He started the 2009–10 season with a goal against Sporting CP in a 1–1 return leg draw at Stadio Artemio Franchi, which gave Fiorentina their entrance into the Champions League group stages. Other decisive goals included goals against Palermo, Sampdoria, and Livorno. On 29 September 2009, he scored both goals in a 2–0 victory over Liverpool in the Champions League group stage. On 9 March 2010, Jovetić scored two goals in Fiorentina's 3–2 win over Bayern Munich. The club lost, however, on away goals, and he also scored again against Napoli on 13 March. He scored in a 4–1 win against Udinese on 28 March.

During pre-season training for the 2010–11 season, he suffered an injury to his cruciate ligament in his right knee which eventually saw him out for the whole season.

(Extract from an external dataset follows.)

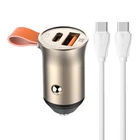 Kép 1/4 - Ładowarka samochodowa LDNIO C509Q USB, USB-C 30W + kabel USB-C - USB-C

Jovetić returned from injury in fine form in the 2011–12 season, scoring a double in a 3–0 win against Parma, his first goals in over a year. On 15 October 2011, Jovetić signed a contract that would keep him in Florence through 2016. Following the winter break in the Serie A, Jovetić netted twice as Fiorentina eased to a comfortable 3–0 victory over Novara on 8 January 2012. A month later, on 5 February, Jovetić earned his side a 3–2 victory against Udinese by converting two penalties; the win gave Fiorentina back-to-back victories in the Serie A for the first time all season. He failed to find the back of the net after this game for over two months before netting his side's opener, and then assisting the winning goal for Amauri as Fiorentina shocked title contenders Milan 2–1 on 7 April. Jovetić netted 14 times in 27 league games for Fiorentina, as the Tuscan side limped to 13th place in Serie A.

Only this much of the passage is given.